The purpose of the Bill is to provide a legislative framework for the setting up of a US immigration and public health preinspection facility at Shannon Airport. That facility is to be set up in accordance with an agreement proposed to be made between the Irish and US Governments. The terms of the proposed agreement, which is scheduled to the Bill, have been approved by the Dáil. The agreement will be completed on behalf of the two Governments when the legislation is enacted. The preinspection facility is due to start, on a trial basis, with effect from 1 July, hence the urgency attaching to passage of the legislation.
Arising from an Aer Rianta initiative aimed at increasing traffic through Shannon Airport, the question of establishing US customs, immigration, and public health preclearance at Shannon has been discussed with the US authorities on various occasions since the 1970s onwards. The US already have such arrangements with Canada, the Bahamas and Bermuda. In the early stages of the discussions, a full preclearance arrangement was considered, but it was not proceeded with because
(a) Aer Lingus were concerned about the delays which would arise for the Company's services to the US due to the necessity to off-load baggage at Shannon in order to process it through customs and
(b) the US customs authorities seemed to be less than enthusiastic about the proposal.
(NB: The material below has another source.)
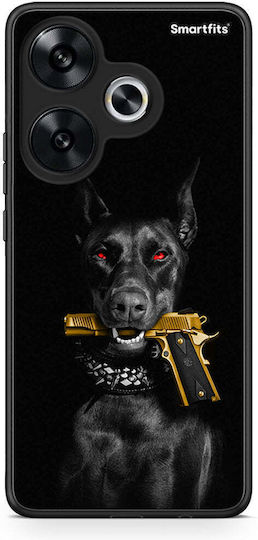 Goldene Pistole Xiaomi Poco F6 Handyhülle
Interest in customs preclearance at Shannon tended therefore to recede somewhat. Last year, however, the Minister decided to pursue the matter further with the US authorities and, at a meeting in Washington in October, with Mrs. Elizabeth Dole, the US Secretary for Transportation, raised the question again. The meeting was well worth while and, following discussions between officials of our two administrations, the text of a draft agreement on a more limited preinspection arrangement was finalised. Under the proposed agreement, officers of the United States Immigration and Naturalisation Service would conduct at Shannon Airport inspection of passengers and aircraft crew required by United States immigration and public health laws and regulations for entry into the United States. Customs clearance would be carried out in the normal way on arrival in the United States. The draft agreement allows for extension of preinspection to other airports if considered desirable at a later stage.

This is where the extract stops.